Drone Manufacturer: Wingcopter
Drone Model: 178 Heavylift
Country: United Kingdom of Great Britain and Northern Ireland
Pilot Qualifications: Unknown Status
Pilot Flight Experience: 108 Hours
Link to External Information About This submission: https://assets.publishing.service.gov.uk/media/5fd8ced2e90e071be641bfb3/Wingcopter_178_Heavylift_registration_na_01-21.pdf
File Uploaded: screen_shot_20210218_at_11.25.11_am
Whilst the unmanned aircraft (UA) was climbing, in hover mode, one of the rear electronic speed controllers (ECSs) overheated causing a loss of control of its associated motor and propeller. Control of the aircraft was lost and it fell into a crop field, damaging it beyond economical repair. The manufacturer is looking to re-design the rear propellers to reduce the likelihood of the ESCs overheating.
The Wingcopter 178 Heavylift, (Figure 1) is an unmanned electric Vertical Takeoff and Landing (eVTOL) aircraft with a maximum takeoff weight of 18 kg. It can take off and land vertically like many multirotor unmanned aircraft but can transition to wing-borne flight by rotating its two forward propellers to a horizontal position and folding its rear propellers to reduce drag. In ‘fixed wing mode’ the aircraft is capable of ranges of up to 75 miles and speeds up to 150 mph, dependent on payload. The aircraft has a 1.78 m wingspan and is 1.32 m long.
The UA was conducting a test flight to verify its performance at its maximum takeoff mass (MTOM), using an automated mission profile that it had successfully completed five times before.
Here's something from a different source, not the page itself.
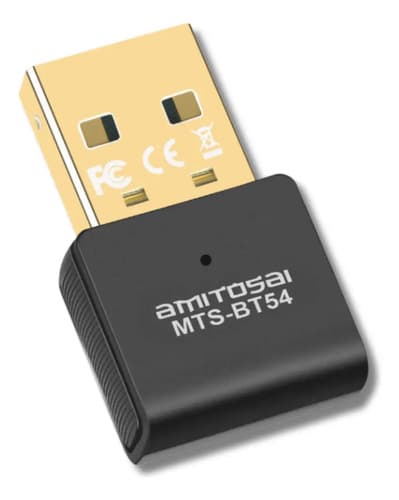 Adaptador USB Bluetooth 5.4 compacto AMITOSAI MTS-BT54
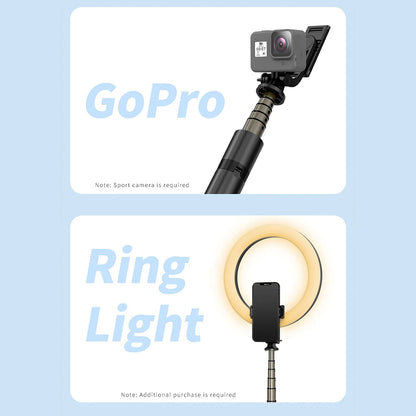 Selfie Stick Bluetooth Techsuit Q06, Universal, Musta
After conducting the pre-flight and mission checks the remote pilot (RP) armed the aircraft, confirmed that the motors had spooled up correctly and initiated the automatic flight by switching the radio control transmitter to ‘mission’ mode. The aircraft lifted off successfully and began to climb in ‘hover mode’ towards its target height of 110 m agl at which point the aircraft would transition to ‘fixed wing mode’.
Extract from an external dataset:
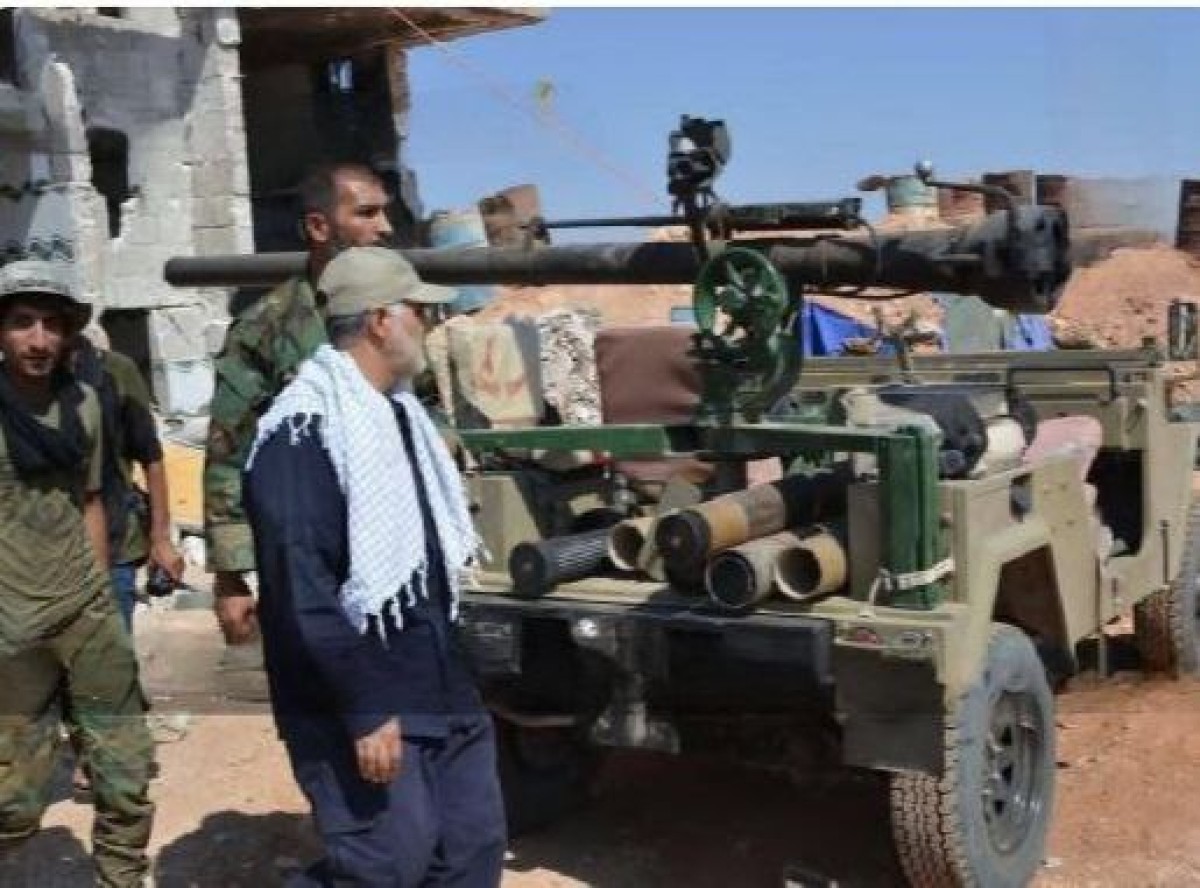 General Qassem Soleimani in Aleppo - Syria during the liberation of the city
Recorded data from the aircraft shows that it initially climbed vertically to approximately 35 m agl before continuing a programmed translational climb in ‘hover mode’ to the south west (Figure 2). After 72 seconds, whilst approaching 100 m agl, and having travelled 188 m, the aircraft rolled and pitched to the right and became temporarily inverted. It righted itself, but was unable to maintain control, descending rapidly whilst spinning in a clockwise direction. The RP reported that it was evident that one of the motors had lost propulsion. He attempted to gain control of the aircraft by switching to manual control, but this was unsuccessful.
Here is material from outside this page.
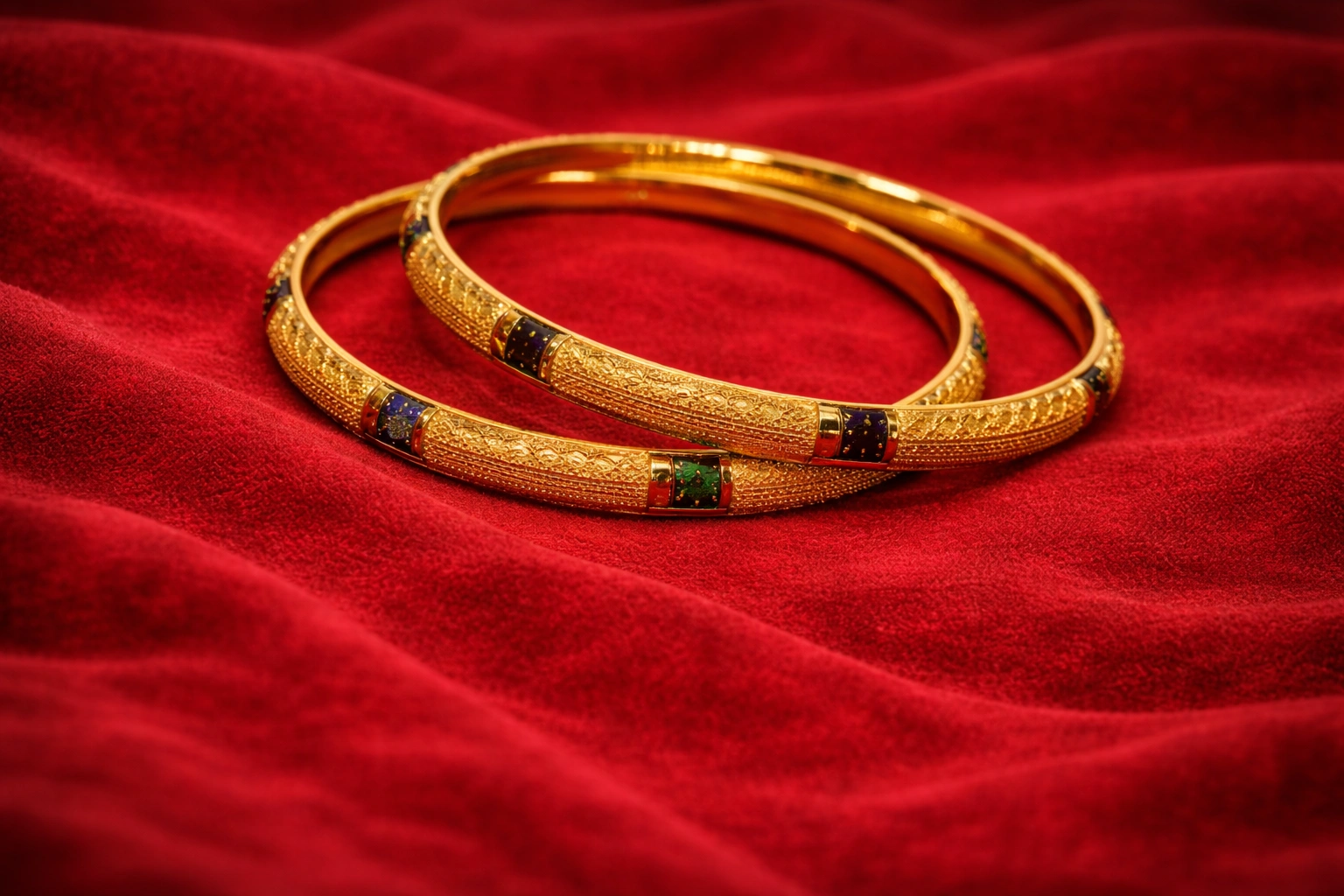 Ornate Gold Bangle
As the aircraft descended some thrust was still produced by the operating motors prolonging the descent. The UA travelled approximately 80 m downwind before striking the ground in a harvested crop field. There were no injuries, although the aircraft was destroyed.
Assessment of the aircraft by the operator, in conjunction with the manufacturer, identified that a rear ESC had overheated resulting in the loss of control of its associated motor. This issue had been previously identified by the manufacturer and a hover time limitation of 120 seconds, to prevent the overheating, had been imposed. It is considered that the ESC overheated due to the increased load produced as a result of the combination of the duration of the translational climb and operation close to MTOM.
The manufacturer is currently working on resolving this issue by introducing re-designed rear propellers to the aircraft type.